Joe Woodall, Rivermont’s assistant fire chief, said there has also been water running through the building “even when it doesn’t rain.” This, he said, led to mold issues that resulted in the closing of the living quarters and office space during a $20,000 project to remove the mold.
“It hinders the department because who wants to come down to a building covered in mold that’s being held up with temporary braces?” Woodall said.
Those problems will be a thing of the past in September 2020, when Warren County General Services Director Brandy Rosser said construction is expected to be completed on the department’s new facility on a 5.7-acre parcel at the corner of Stokes Airport Road and Rivermont Drive.
Woodall said the department is “crossing our fingers the current building will last until then.”

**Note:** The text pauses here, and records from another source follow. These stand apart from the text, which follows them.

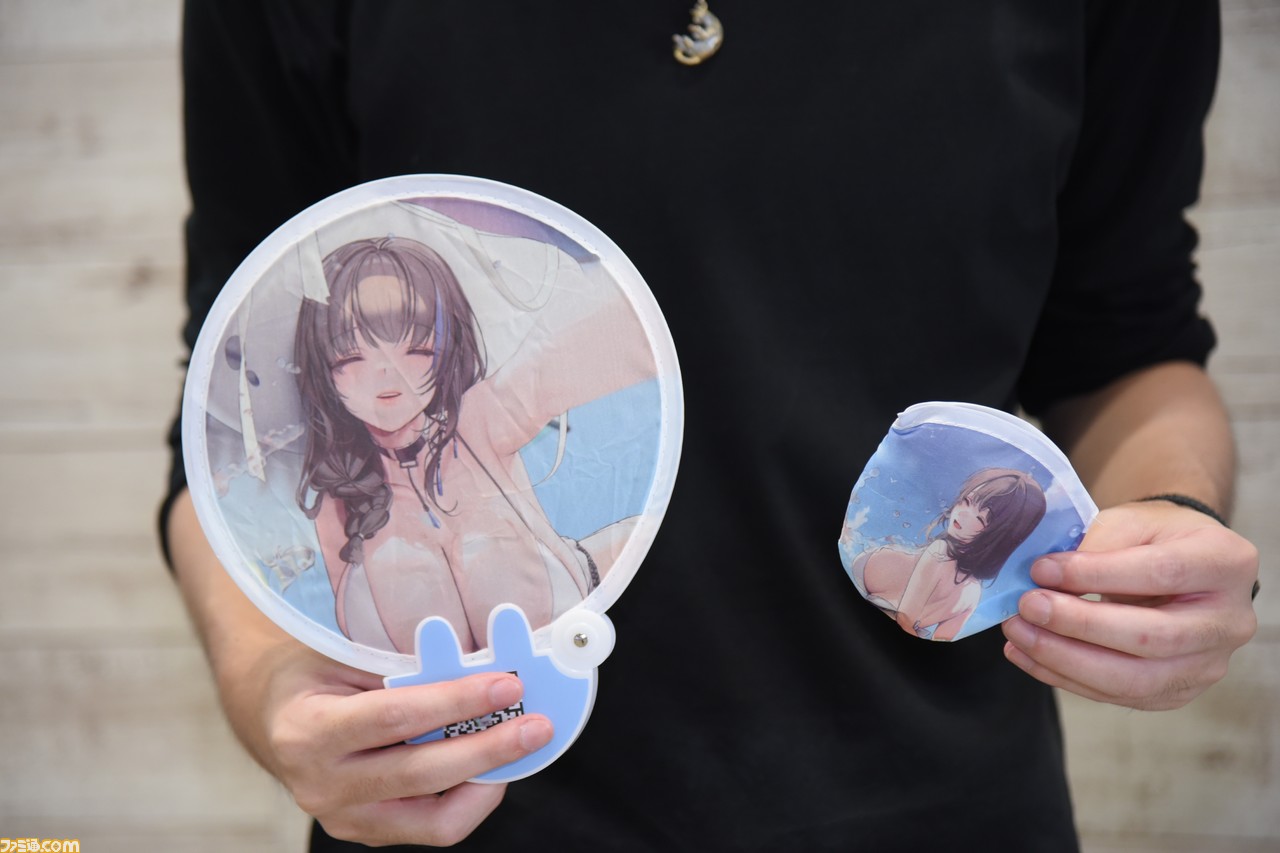 【コミケ】『NIKKE』ブースまとめ。リアル10連ガチャが復刻。シリアルコード付きのポストカードや、水着ニケの登場も【随時更新】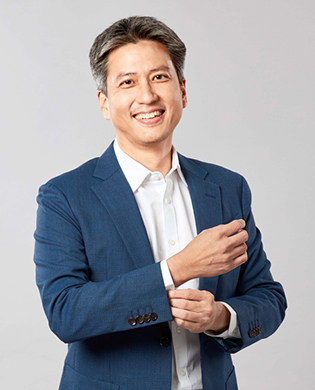 นายกุลเชฏฐ์ ธาราจันทร์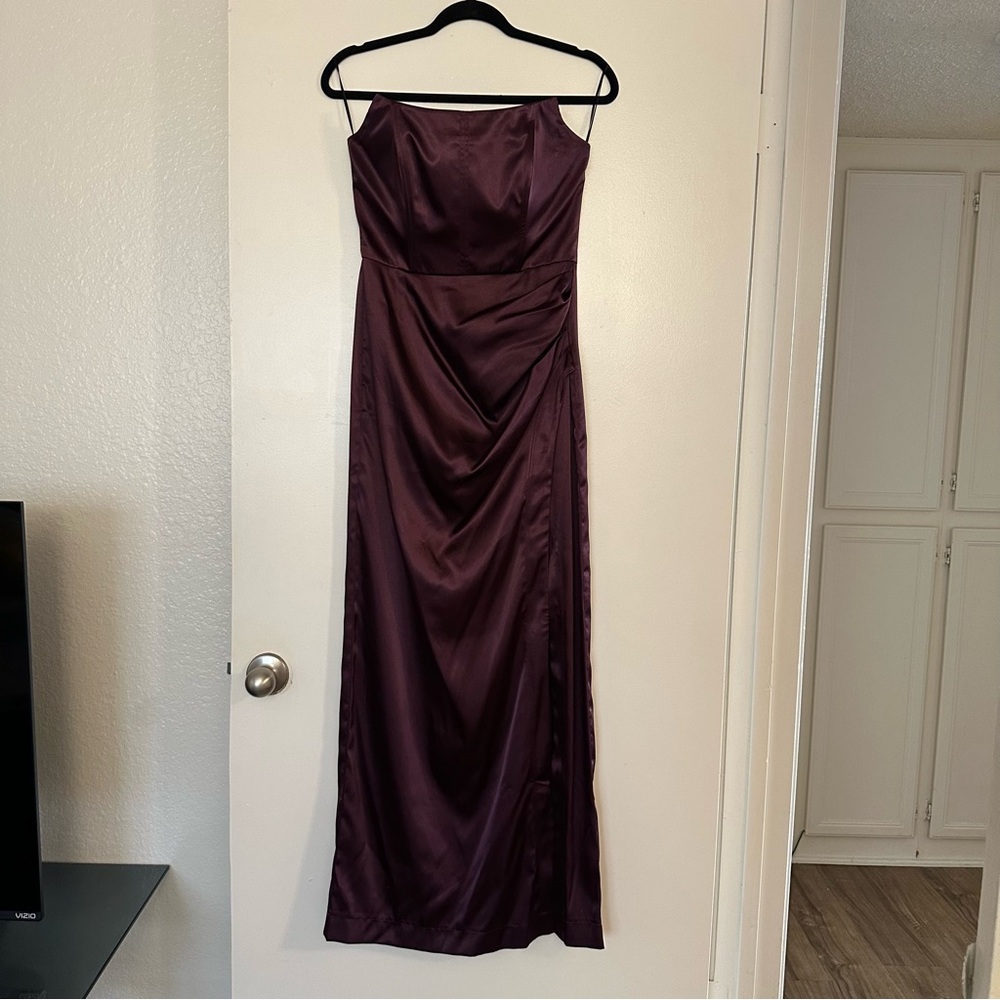 NWT Tia Dorraine Satin Ruched Floor Length Formal Gown Slit Eggplant Strapless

“If something did happen and we couldn’t use the current building, we would figure something out, so our community didn’t go without fire and E.M.S. protection. We just hope we can make it until September 2020,” Woodall said.
He said one major issue until then is that the station cannot be staffed overnight due to safety concerns.
“Safety is number one in fire service. You always protect your people,” Woodall said.
According to previous reports, construction plans call for for a one-story 15,250-square-foot building with three drive-through bays, overnight accommodations and a community meeting space that will be the Fork District’s polling location. It should meet the station’s needs for 50 years.
Woodall noted that the department’s operational procedures will greatly change once it moves into the new building, pointing to the fact that staff will be able to stay overnight.
“That alone is a huge morale booster and huge for the community itself,” he said.
He added that the new building will have rooms for in-house training and meetings and “we don’t have to worry about someone slipping and falling in a creek that runs through the building.”
“It’s going to be a huge change for all of us. But a change for the better,” he said.
Woodall said that hopefully, the new building will increase the morale of a department whose members already get along well with each other.
“We are a family. We bicker and fight but at the end of the day, we come together for each other. I hope that trend continues once we move and hopefully recruit and retain new members,” he said.
As for the land on which the current station sits, Woodall said the department would like to give it “back to the community.” He said perhaps it could be turned into a park with picnic shelters or a community center of some sort. Although the exact future use is uncertain, he said “we just know we want it to be a community gathering place.”